© Reuters. U.S. Secretary of State Antony Blinken meets with China’s Foreign Minister Qin Gang at the Diaoyutai State Guesthouse in Beijing, China, June 18, 2023. REUTERS/Leah Millis/Pool
By Humeyra Pamuk
BEIJING (Reuters) – U.S. Secretary of State Antony Blinken will meet China’s top diplomat and perhaps its president on Monday, the final day of a rare visit to Beijing aimed at preventing the strategic rivals’ many disagreements from further deteriorating relations.
The first U.S. secretary of state to visit China in five years, Blinken held more than 7-1/2 hours of “candid” and “constructive” talks with Chinese Foreign Minister Qin Gang on Sunday, although they did not appear to make concrete progress on disputes that include Taiwan, trade, human rights and fentanyl.
Both expressed a desire to stabilize ties despite what one U.S. official called their “profound” differences, and agreed that Qin would visit Washington to continue the conversation, though no date was announced.
Blinken is to meet China’s top diplomat, Wang Yi, on Monday, but all eyes will be on whether he also meets with Chinese President Xi Jinping, an engagement sources familiar with the matter said was expected but yet to be confirmed by the State Department.
While both sides said Sunday’s talks were constructive, they seemed to agree on little beyond keeping the conversation going with an eventual meeting in Washington, and working to make it easier for their citizens to visit each other’s countries.
Speaking after a 5-1/2 hour meeting followed by a dinner, U.S. and Chinese officials both emphasized their desire for stable and predictable relations.
But China also made clear that Taiwan is the most important issue, and a potentially dangerous one.
“Qin Gang pointed out that the Taiwan issue is the core of China’s core interests, the most important issue in Sino-US relations, and the most prominent risk,” Chinese state media quoted Qin as having told the top U.S. diplomat.
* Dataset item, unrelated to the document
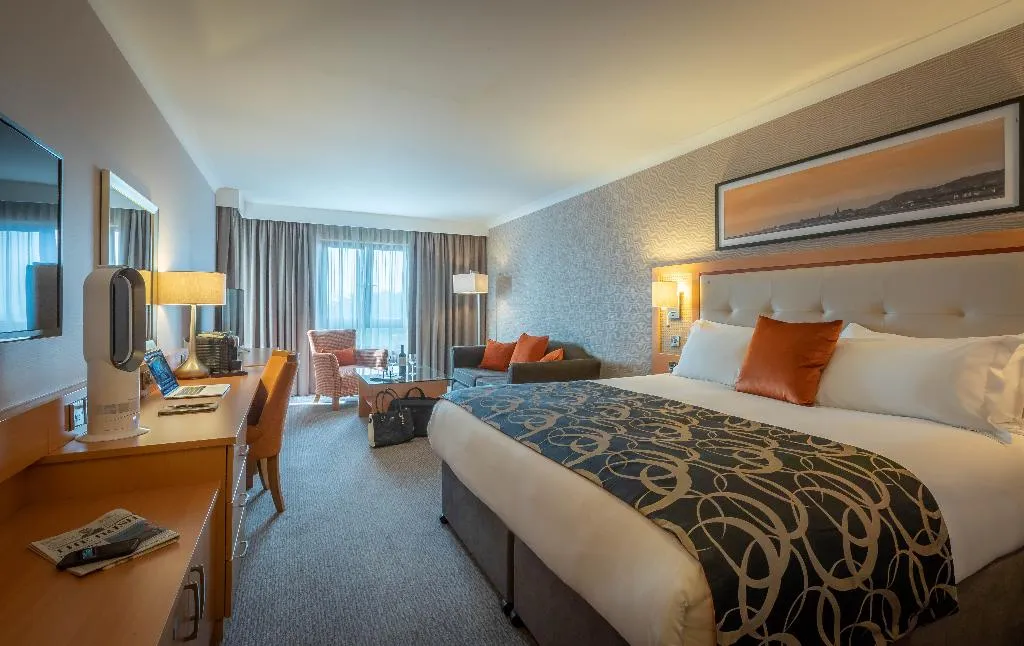 JUNIOR SUITE KING SIZE BED Room, Clayton Hotel Leopardstown, Dublin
Sino-U.S. ties have deteriorated across the board in recent years, raising concern the two might one day clash militarily over the self-governed island of Taiwan, which China claims as its own.
Especially alarming for China’s neighbors has been Beijing’s reluctance to engage in regular military-to-military talks with Washington.
Making the first visit to China since U.S. President Joe Biden took office, Blinken stressed “the need to reduce the risk of misperception and miscalculation” in his talks with Qin, the State Department said.
Before the talks, U.S. officials saw little chance of any breakthrough on the many disputes between the world’s largest economies, which also include U.S. efforts to hold back China’s semiconductor industry and to stem the flow of the deadly synthetic opioid fentanyl and its precursor chemicals from China.
U.S. officials and analysts expect Blinken’s visit will pave the way for more bilateral meetings in coming months, including possible trips by Treasury Secretary Janet Yellen and Commerce Secretary Gina Raimondo.
It could also set the stage for talks between Xi and Biden at multilateral summits later in the year.